2) The idea behind atherogenesis changed from degeneration to inflammation. During the 1960s, hypercholesterolemia had been considered the hallmark of atherosclerosis, a condition understood as a bland lipid storage disease (Libby et al., 2002). Its acute complications were attributed to high-grade coronary stenosis. Those concepts were reassessed during the 1990s. Inflammation rather than plaque size is now established as determinant of plaque instability and thrombosis (Libby et al., 2002). Additionally, low-grade chronic inflammation has been found to predict cardiovascular events, independently of the severity of the atherosclerotic burden (Libby et al., 2002; Ridker et al., 2002). According to Ridker et al. (2002), C-reactive protein may now be a stronger predictor of cardiovascular events than LDL serum cholesterol levels.

3) Average population levels of distinct metabolic markers associated with CHD cases changed in opposite directions. National surveys conducted between 1960 and 2000 indicate that mean serum cholesterol levels in US adults have consistently declined in all age-sex groups over the last four decades (CDC, 2003a).
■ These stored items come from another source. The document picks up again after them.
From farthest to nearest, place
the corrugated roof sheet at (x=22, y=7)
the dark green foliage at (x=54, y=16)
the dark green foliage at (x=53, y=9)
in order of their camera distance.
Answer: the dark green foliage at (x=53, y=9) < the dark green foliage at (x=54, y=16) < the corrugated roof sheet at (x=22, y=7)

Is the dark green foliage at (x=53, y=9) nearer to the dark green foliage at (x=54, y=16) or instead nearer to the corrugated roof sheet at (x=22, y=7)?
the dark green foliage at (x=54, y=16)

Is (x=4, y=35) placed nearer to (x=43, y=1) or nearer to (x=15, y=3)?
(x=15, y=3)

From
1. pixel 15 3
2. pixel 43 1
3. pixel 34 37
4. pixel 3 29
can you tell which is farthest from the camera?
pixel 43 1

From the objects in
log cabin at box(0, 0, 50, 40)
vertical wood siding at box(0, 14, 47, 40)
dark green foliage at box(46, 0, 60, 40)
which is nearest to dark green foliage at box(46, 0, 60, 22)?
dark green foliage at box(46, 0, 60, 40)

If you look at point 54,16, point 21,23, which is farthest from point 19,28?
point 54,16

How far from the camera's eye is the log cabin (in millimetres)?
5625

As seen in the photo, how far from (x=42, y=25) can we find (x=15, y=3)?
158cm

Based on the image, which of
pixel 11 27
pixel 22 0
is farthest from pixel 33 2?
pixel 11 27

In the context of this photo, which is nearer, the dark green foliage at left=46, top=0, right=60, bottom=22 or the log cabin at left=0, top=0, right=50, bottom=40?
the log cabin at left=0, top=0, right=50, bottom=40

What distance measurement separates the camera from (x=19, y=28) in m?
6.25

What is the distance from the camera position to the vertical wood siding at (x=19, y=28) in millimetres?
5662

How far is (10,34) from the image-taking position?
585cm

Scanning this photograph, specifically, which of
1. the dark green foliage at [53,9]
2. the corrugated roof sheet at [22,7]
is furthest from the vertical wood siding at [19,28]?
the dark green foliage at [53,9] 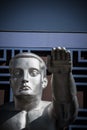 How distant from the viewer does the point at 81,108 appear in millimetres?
2432

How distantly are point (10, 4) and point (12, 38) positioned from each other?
7.8 inches

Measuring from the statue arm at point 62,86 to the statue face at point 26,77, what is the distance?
0.12m

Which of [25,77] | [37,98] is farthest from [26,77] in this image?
[37,98]

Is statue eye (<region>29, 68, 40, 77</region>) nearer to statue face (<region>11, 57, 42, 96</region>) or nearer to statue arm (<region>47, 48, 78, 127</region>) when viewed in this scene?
statue face (<region>11, 57, 42, 96</region>)

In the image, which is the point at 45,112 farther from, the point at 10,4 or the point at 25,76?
the point at 10,4

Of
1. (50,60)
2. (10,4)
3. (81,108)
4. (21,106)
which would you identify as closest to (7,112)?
(21,106)

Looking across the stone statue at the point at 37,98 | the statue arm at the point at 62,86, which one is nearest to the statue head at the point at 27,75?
the stone statue at the point at 37,98

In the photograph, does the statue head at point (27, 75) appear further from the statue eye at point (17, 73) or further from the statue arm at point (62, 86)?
the statue arm at point (62, 86)

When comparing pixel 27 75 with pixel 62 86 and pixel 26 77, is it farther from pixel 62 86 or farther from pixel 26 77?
pixel 62 86

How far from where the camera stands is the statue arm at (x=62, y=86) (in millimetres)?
1696

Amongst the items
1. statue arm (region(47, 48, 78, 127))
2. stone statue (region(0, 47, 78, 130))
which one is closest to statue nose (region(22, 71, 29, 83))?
stone statue (region(0, 47, 78, 130))

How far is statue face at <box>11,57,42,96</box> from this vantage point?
1843 millimetres

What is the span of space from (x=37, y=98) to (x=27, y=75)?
0.11 meters

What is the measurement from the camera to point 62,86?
5.74 feet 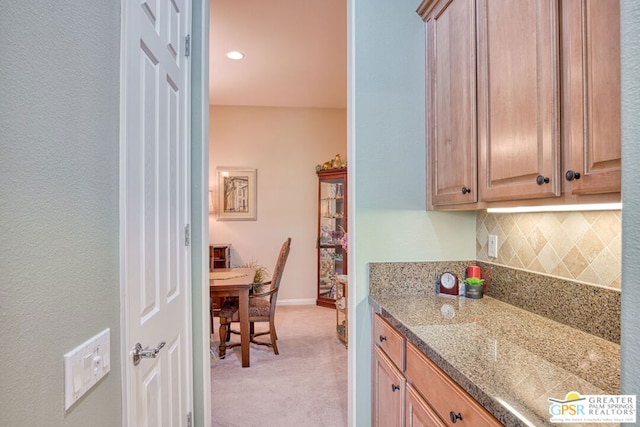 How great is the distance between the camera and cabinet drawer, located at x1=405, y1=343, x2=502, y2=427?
0.91 meters

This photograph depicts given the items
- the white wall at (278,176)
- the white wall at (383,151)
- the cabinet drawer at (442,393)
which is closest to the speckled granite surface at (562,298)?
the white wall at (383,151)

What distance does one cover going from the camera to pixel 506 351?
1074 millimetres

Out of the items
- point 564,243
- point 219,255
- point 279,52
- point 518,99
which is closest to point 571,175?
point 518,99

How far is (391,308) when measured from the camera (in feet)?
5.19

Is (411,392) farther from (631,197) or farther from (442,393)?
(631,197)

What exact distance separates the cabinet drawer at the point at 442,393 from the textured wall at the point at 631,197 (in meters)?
0.44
On the other hand, prevalence of overweight increased during the period (CDC, 2003b). During the last 30 years (Welborn & Wearne, 1979; WHO, 1994) insulin resistance and its associated features – hypertriglyceridemia, low HDL, small-dense LDL, hypertension and overweight – emerged as a "second atherogenic phenotype" (Ziegler et al., 1998), to become the main determinant of CHD cases (Rapp, 2002).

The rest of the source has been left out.